While the information about the applications of tea party and other groups for tax-exempt 501(c)(4) "social welfare" status has been causing a feeding frenzy in the press, the Obama Administration continues to pander to the right by agreeing Monday that the use of terms designating primarily tea party and other groups with politically important terms in their names for scrutiny was intolerable. This is the kind of statement that makes it difficult for the IRS to retain employees, in an underfunded agency with a highly visible mission to collect taxes, including from people who don't want to pay them.
I'm not convinced that it was anything other than a political deaf ear to how the right would respond when it was disclosed. After all, there were thousands of new conservative groups seeking approval at the height of tea-party mania, and many of those groups were likely to be conducting considerable political activity that might make them inelgible for (c)(4) status. It is much more likely that targeting such groups was simply a political no-no because of the hue and cry that right-wingers in Congress and out would raise (as they have), rather than that it was an improper exercise of the IRS's limited resources to select groups for review.
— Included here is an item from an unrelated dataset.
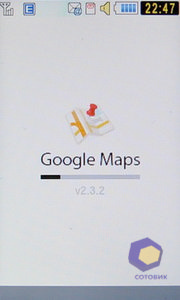 ��������� Samsung S7350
Now Eric Holder has announced that he has ordered the Justice Department and FBI to investigate whether IRS officials broke any criminal laws in singling out groups for special scrutiny. Shear & Shane, Justice Department Opens Criminal Inquiry Into I.R.S. Audits, New York Times (May 14, 2013).
We don't investigate federal government officials for targeting US citizens for assassination by drone or for imprisoning US citizens in military brigs, but we start an investigation of mid-level IRS officials trying to find reasonable ways to filter the many political groups who apply for (c)(4) status to find those that are inelgible? Sounds like skewed priorities to me. Especially when the IRS's inspector general is already investigating the gency and is expected to release its report in a few days, describing in detail the way the agency screened political groups for extra scrutiny.
And of course, a Republican in Congress has already introduced a bill to make it illegal for the IRS to 'target' political groups.
Are there other options to prevent the recurrence of these issues? One idea is to publish all donors: If a (c)(4) is funded almost exclusively by a party machine, the public should know about it. Another idea is to eliminate tax-exempt status for any group that does any political campaigning or lobbying. Another is to require all tax-exempt groups to provide a full monthy report of activities on their website, listing every event and every contact of any member or agent of the group with any sitting official or any political candidate. The price of tax-exemption would be transparency regarding the organization's activities.